Implementing conflict-free-delta-column
functionality with the Spock extension will make your distributed PostgreSQL database reliable and robust, and ensures data consistency. The Spock extension provides the following key benefits:
Accurate Conflict Resolution: Spock ensures that all incremental changes are preserved and accurately reflected across all nodes.
Enhanced Data Integrity: Spock prevents data loss or inconsistencies that can arise from concurrent updates in multi-master environments.
Improved Performance: Spock reduces the need for complex conflict resolution logic, leading to more efficient replication processes.

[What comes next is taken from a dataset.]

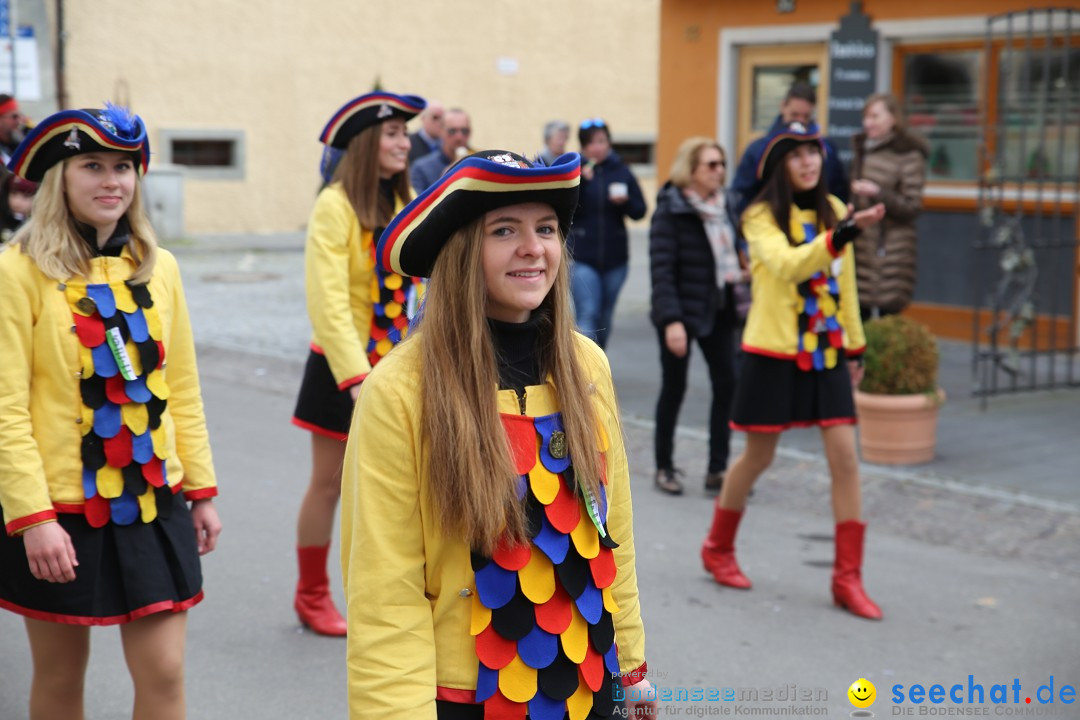 Fasnetsumzug mit Narrenbaumstellen: Meersburg am Bodensee, 24.02.2019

Scalability: Spock supports high-concurrency workloads by allowing multiple nodes to process updates simultaneously without compromising data accuracy.
Conclusion
Effective conflict management, like that provided by Spock's conflict-free delta-apply
columns, is crucial for maintaining data integrity in a distributed PostgreSQL MMR environment. Implementing robust conflict resolution strategies and appropriate tooling can help ensure consistent and reliable data replication across your entire cluster.
The pgEdge distributed PostgreSQL platform installs the tooling required to successfully manage a distributed MMR PostgreSQL solution.